Nikkei
Japan's benchmark 225-stock index: a global barometer of Asian economic risk.
Last refreshed: 30 March 2026
Why does a strait 6,000 miles away move Japan's markets faster than almost anywhere else?
Latest on Nikkei
- What is the Nikkei 225?
- The Nikkei 225 is Japan's benchmark stock market index, tracking 225 large-cap companies on the Tokyo Stock Exchange. It is price-weighted, like the Dow Jones, and is the primary measure of Japanese equity market health.Source: Nikkei Inc.
- Why did the Nikkei fall 7% in March 2026?
- The Nikkei 225 fell 7.05% on 14 March 2026, dropping below 52,000, as Strait of Hormuz closure fears pushed oil above $80 a barrel. Japan imports ~90% of its crude oil, making it acutely vulnerable to Middle East supply disruptions.Source: Lowdown
- How does the Iran conflict affect the Nikkei?
- The Nikkei is highly sensitive to Gulf oil disruptions because Japan relies on imported crude for ~90% of its energy needs. The Iran conflict caused the Nikkei to fall 2% on first news of the conflict and 7.05% when Hormuz closure fears intensified in March 2026.Source: Lowdown
- How does the Nikkei compare to the Dow Jones?
- Both the Nikkei 225 and the Dow Jones Industrial Average are price-weighted indices tracking a fixed basket of large-cap companies. The Nikkei covers Japanese equities; the Dow covers US equities. They often move in tandem on global macro shocks, as seen when Dow futures fell 300 points alongside the Nikkei's initial 2% Iran-conflict drop.Source: Lowdown
- Why is the Nikkei so sensitive to oil prices?
- Japan has almost no domestic oil production and imports roughly 90% of its crude. Oil price spikes directly raise input costs for the Nikkei's largest components — automotive and electronics manufacturers — compressing margins and driving selling pressure on the index.Source: Lowdown
Background
Launched in 1950 and retroactively calculated to 1949, the Nikkei 225 is a price-weighted index of 225 large-cap companies listed on the Tokyo Stock Exchange, operated by Nikkei Inc. It spans automotive, electronics, and financial sectors and is the primary benchmark for Japanese equity markets, tracked alongside the Hang Seng and KOSPI as a gauge of Asian regional sentiment.
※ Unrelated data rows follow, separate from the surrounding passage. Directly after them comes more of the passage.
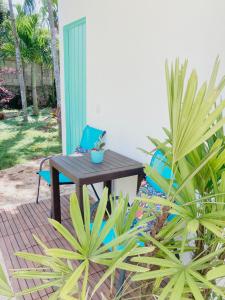 GREEN PARADISE LEONA VICARIO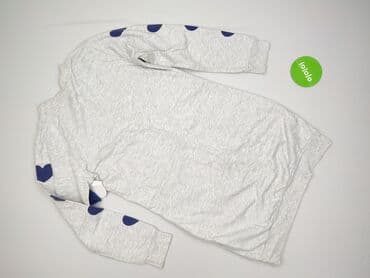 rene buty zimowe: Tunika damska, rozmiar M — 3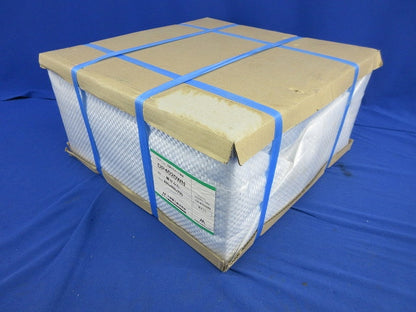 プルボックス DP4020WN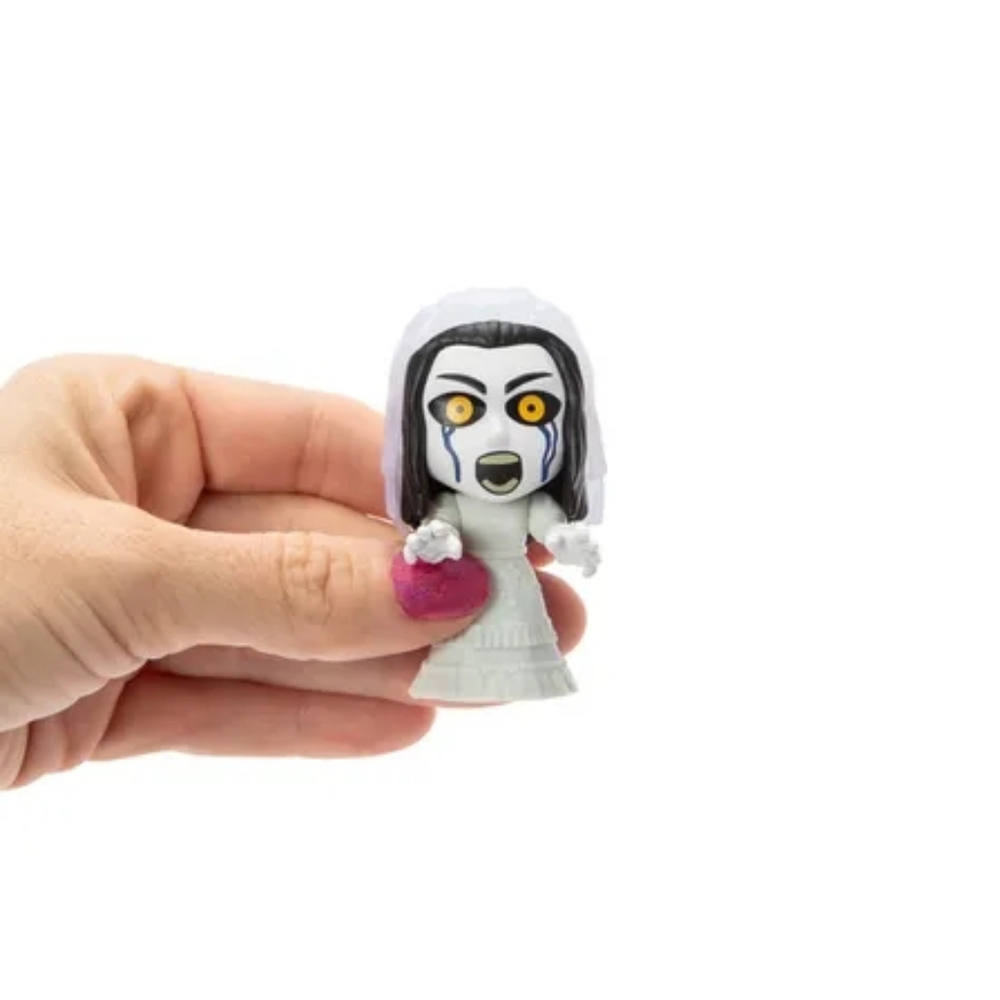La Llorona Funko  - Vinyl Figure (New) - Picture 5 of 7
The Nikkei 225 fell 7.05% on 14 March 2026, dropping below 52,000 for the first time since January, as Strait of Hormuz closure fears drove oil above $80 a barrel. SoftBank fell 11% in the same session. The index had already shed 2% when the Iran conflict first broke in late February.
Japan imports roughly 90% of its crude oil, making the Nikkei structurally exposed to any disruption in Gulf supply routes. OPEC+'s 220,000-barrel-per-day increase in March 2026 was judged insufficient to offset Hormuz closure risk, and JP Morgan raised its recession probability to 35%, a reading that amplified selling pressure on Japanese industrials.